The complaint alleges not only that Arlington relied on Graham's two appraisals when making the loans to Tarcher, which allegedly it would not otherwise have made, but as well “that defendant Graham ․ knew that plaintiff would be relying on such appraisal[s] in determining whether or not to make a loan to be secured by the Property.” The complaint also alleges that at the times he prepared his appraisals, Graham “knew or should have known of the inability to develop the Property and the worthlessness of the property,” and that Graham “made such representations with the knowledge and intent that plaintiff would rely upon such representations in making the ․ loans to be secured by the Property.” Graham's brief answer, which relied primarily on various affirmative defenses, included a general denial “as to each and every allegation in the complaint.” His motion for summary judgment, however, was based entirely on the legal argument “that the plaintiff, by virtue of its full credit bid extinguished its claims that there was inadequate security because the full credit bid set the value of the property at an amount sufficient to satisfy the indebtedness.” For purposes of the motion, Graham accepted the allegations of the complaint, allowing that “the facts are undisputed.” Nor did Graham dispute anything in the declarations of Alison Teeman, Arlington's expert regarding the appraisal of real estate, and Susan Peick, a general partner in Arlington. Ms. Teeman stated that Graham could not have had “a reasonable basis on which to make the representations he made,” that “Arlington was so situated that it could reasonably rely [on] Graham's knowledge, information, and expertise and could therefore treat Graham's representations [regarding the value of the property] as material facts,” and that Graham “breached his fiduciary duty to any party which he believed might rely on his appraisals, including most particularly the lender, Arlington.” Susan Peick stated in her declaration that, acting in behalf of Arlington, she recommended Graham as one of three appraisers referred to Tarcher for this transaction, that she personally discussed with Graham the form and purpose of the appraisals, “including the amount to be loaned, before each appraisal” and that “Graham prepared these appraisals for the express purpose of determining whether or not the Property had sufficient value to serve as security for the [ ] two loans from Arlington to Tarcher.”

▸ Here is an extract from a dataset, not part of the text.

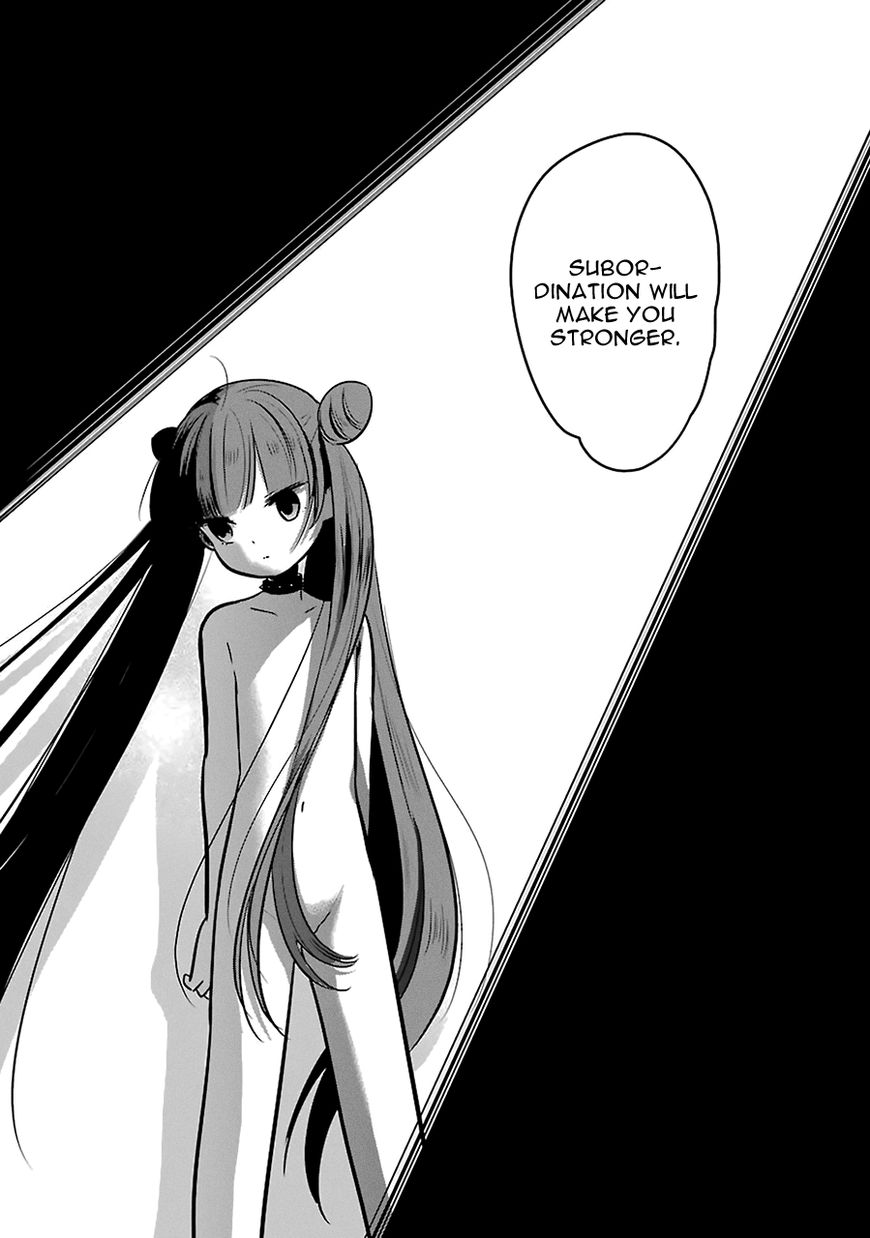Cutie Mutie Chapter 10 - Page 2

Graham has not met his burden of showing that Arlington's cause of action for negligent misrepresentation has no merit, because one or more elements of the cause of action cannot be established, or that there is a complete defense to that cause of action. (§ 437c, subd. (o)(2).) The motion for summary judgment was therefore erroneously granted.
The judgment is reversed. Costs are awarded to appellant.
FOOTNOTES
1. The full credit bid was approximately $8,000 more than the total amount of the loans due to past due interest and costs incurred in the process of foreclosure.
2. All statutory references are to the Code of Civil Procedure unless otherwise indicated.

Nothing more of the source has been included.